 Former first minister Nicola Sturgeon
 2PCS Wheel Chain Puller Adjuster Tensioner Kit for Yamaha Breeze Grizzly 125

--

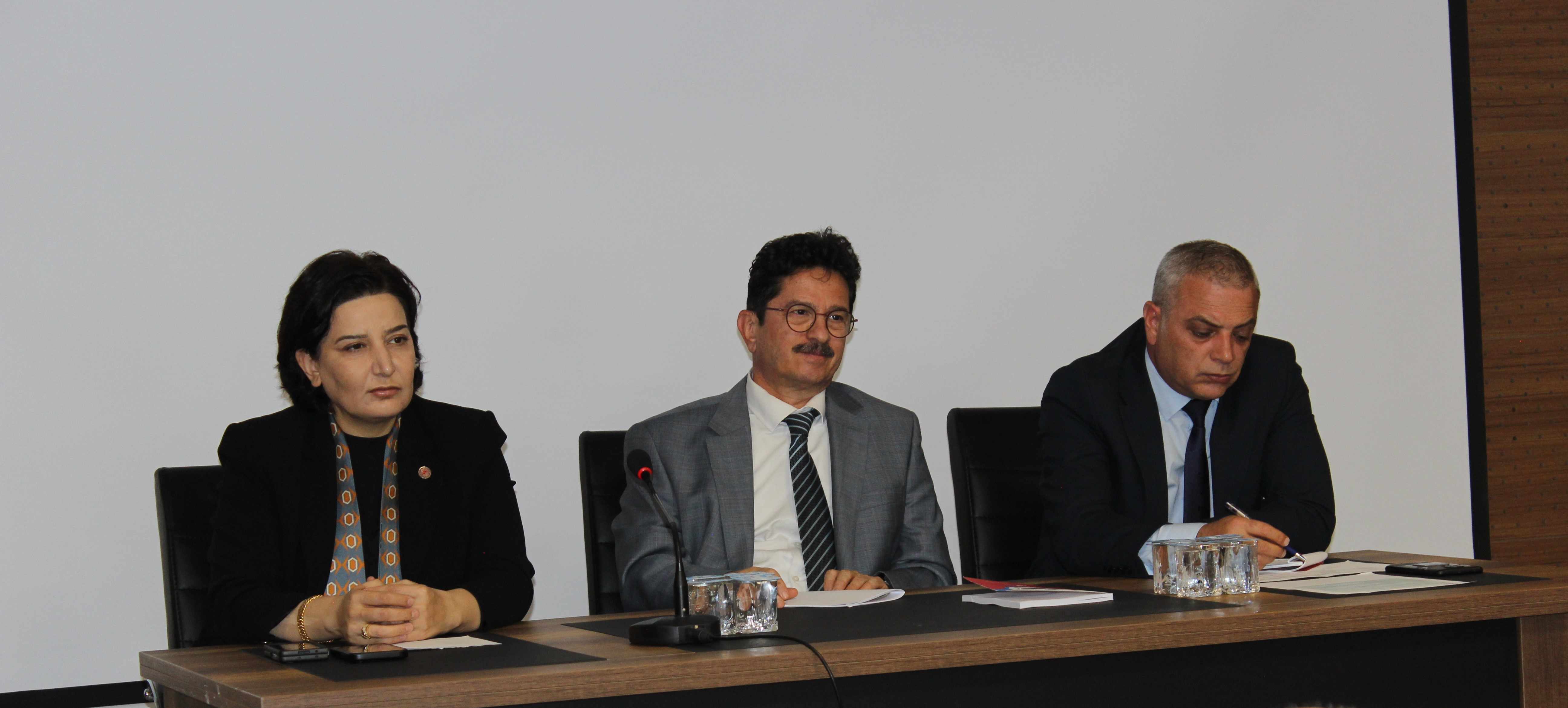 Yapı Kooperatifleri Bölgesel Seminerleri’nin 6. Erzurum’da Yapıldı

▶ **WHAT THE EXERCISE ASKS**
In the entries above, find the line with "Former first minister Nicola Sturgeon" and the line with "2PCS Wheel Chain", then set down exactly those two and every line between them, nothing else.

▶ **EXERCISE SOLUTION**
 Former first minister Nicola Sturgeon
 2PCS Wheel Chain Puller Adjuster Tensioner Kit for Yamaha Breeze Grizzly 125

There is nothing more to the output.